Tagliare le emissioni di carbonio da un lato e aumentare il tasso di produttività dall’altro. Questo è il duplice obiettivo della rivoluzione tecnologica che investe il settore delle ferrovie. In un mondo nel quale la velocità è tutto, le nuove tecnologie per il trasporto su rotaia (e non solo) promettono di portare persone e merci in modo più rapido e sostenibile a destinazione, con emissioni inquinanti ben al di sotto di altri mezzi come auto, camion, navi e aerei.
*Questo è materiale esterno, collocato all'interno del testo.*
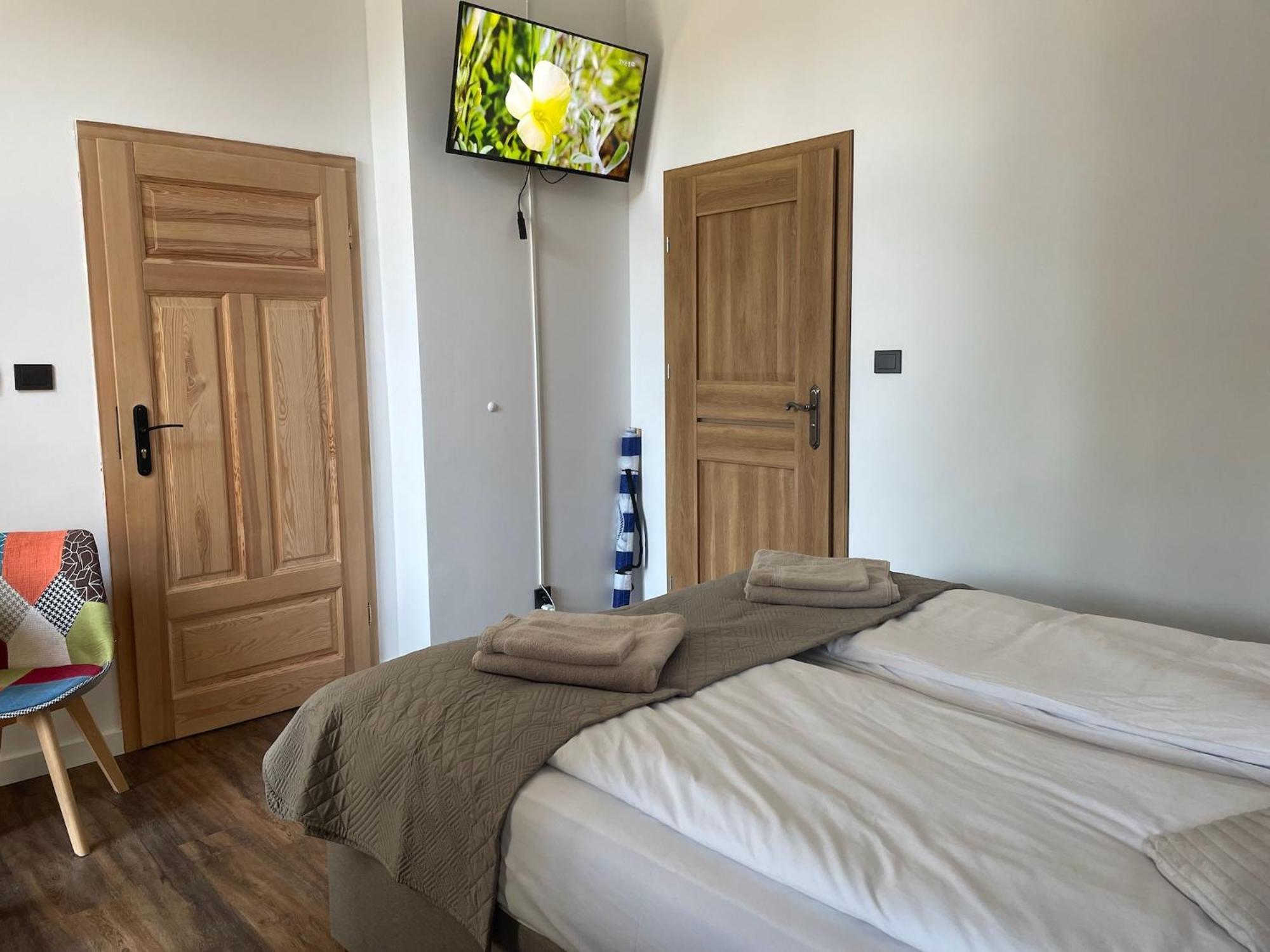 Apartment Zeromskiego 8 *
Previsti forti investimenti nei prossimi anni

Ormai la rete ad alta velocità ferroviaria occupa vaste fette del territorio di Europa e Asia e sta iniziando a diffondersi sempre più. Il progetto High Speed Two, che costerà almeno 65 miliardi di euro, promette di ridurre i tempi di viaggio tra le principali città del Regno Unito mentre il California’s High-Speed Rail, “solo” 53 miliardi di euro di investimenti, ha l’obiettivo di completare entro il 2029 un percorso alta velocità tra San Francisco e Los Angeles, distanti oltre 600 km. Anche il Texas sta lavorando al suo collegamento ad alta velocità, tra Houston e Dallas, quasi 400 km, e dovrebbe ultimarlo a breve. Entro il 2022 aprirà poi la prima linea indiana ad alta velocità tra Mumbai e Ahmedabad, circa 250 km.
 
Il Giappone resta il primo della classe

L’alta velocità è nata in Giappone già negli Anni ’60 con il famoso Shinkansen, la rete ferroviaria dei “treni proiettile”, ma già a partire dal 1969 è stata sviluppata la tecnologia maglev, con i treni a levitazione magnetica. Nessun attrito e una velocità massima raggiunta nel 2015 di 603 km orari, il doppio dell’attuale alta velocità italiana. Una tecnologia che però, attualmente, è utilizzata soltanto in Giappone, Cina e Sud Corea a causa dei suoi altissimi costi di produzione e di alcuni problemi di incompatibilità riscontrati negli anni.
 
Le innovazioni spagnole che guardano all’Europa

Dietro al Giappone troviamo la Spagna nella classifica mondiale di km di rete ferroviaria ad alta velocità. Dopo aver creato la rete nella penisola iberica, ora lo step successivo è unificarla a quella del resto d’Europa: ecco perché il costruttore CAF ha creato il treno Oaris collaborando con le università e i centri di ricerca spagnoli: non solo per renderlo più veloce, leggero, efficiente, sostenibile e confortevole, ma anche per costruire un sistema che possa superare le differenze con gli altri Paesi del Vecchio Continente in termini di voltaggio, segnaletica e scartamenti dei binari. Un ottimo esempio di contaminazione positiva e di effetto traino che farà bene a centinaia di milioni di persone.